何が面白くて、何が嫌われるのか、この教育で直感が研ぎ澄まされていくからだ。日本でのビジネス成功のためには、ヒューマンリレーションシップ能力がイの一番にきそうだが、この教育で格段に上昇したのは間違いないのでは。
皮肉ではなく、本気でそう思う。

ただ、教育が目指してるのは、そういうことではなく、知識、分析、論理を磨くことのように思われる。
マ、そう考えるのは、いずれも学ぶことが面倒なものばかりだからだ。小生など、これをいかに要領よく、手抜きで最低レベルをクリアするかに注力した訳だが。
しかし、ビジネスマンならすぐにわかるが、分析や論理ならリベラルアーツでなくても学べる。残るのは知識だが、こちらは、もっぱら、有名人の主張とジャーナリスティックな解説を覚えることにならざるを得まい。

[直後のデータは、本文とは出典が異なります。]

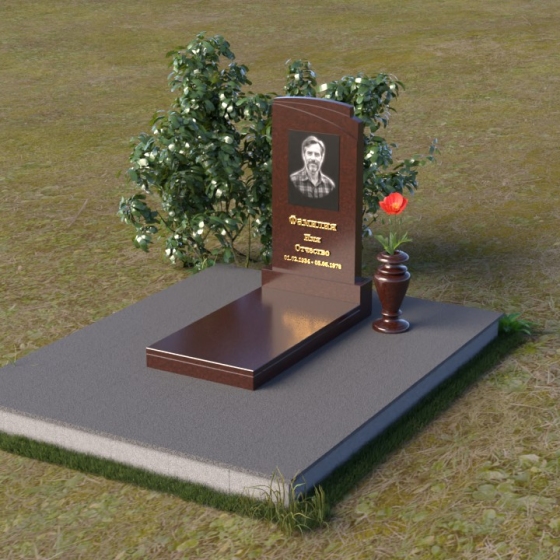 Гранитный вертикальный памятник с асимметричным изгибом, гранит Лезниковский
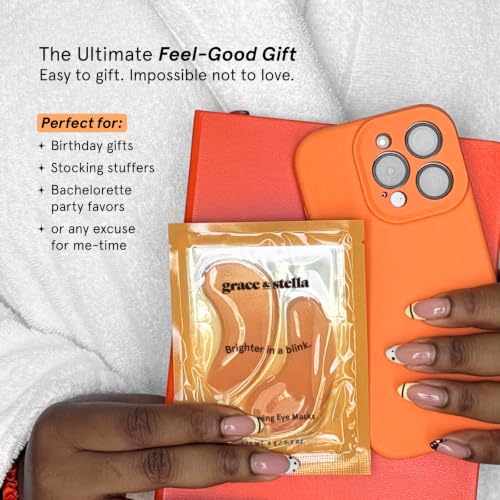 grace & stella New Brightening Eye Patches for Dark Circles (24 Pairs) - Vitamin C Under Eye Patches for Puffiness - Perfect Gifts for Women & Morning Skin Care Routine, Vegan Under Eye Mask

冒頭に述べたように、実利を考えるとこのような"学び"も悪くない。
しかし、リベラルアーツの最大の魅力はそんなところにある訳ではなかろう。物事の本質を見抜く能力を格段に高める点にこそ、その意義があると考えるべきだと思う。
教養のある人に舵取りを任せた方がよさそうと感じるのは、その点では当たっているとも言えそうだが、上述したような"学び"ではハズレを引くことになってしまいそう。

こんな話をするのは、「酉陽雑俎」著者や、「今昔物語集」編纂者は、リベラルアーツのこうした重要性を感じていたと思うから。
両者共に、"本の虫"だが、学問的な追求をしている訳ではない。あくまでも逍遥を旨としており、それは一種の遊びもあろう。遊びだからこそ、ある程度本気で深く追求しないとさっぱり面白くないのである。

物事の本質に迫ることができれば、社会的束縛を僅少にできるし、社会の流れが読めれば危険な流れに巻きこまれないで済む。そこらを大切にしていたともいえよう。
体質的には長期悲観論者だが、短期楽観論者ということになろうか。
その根底には、精神的に自由でいたいとの希求が流れているように思う。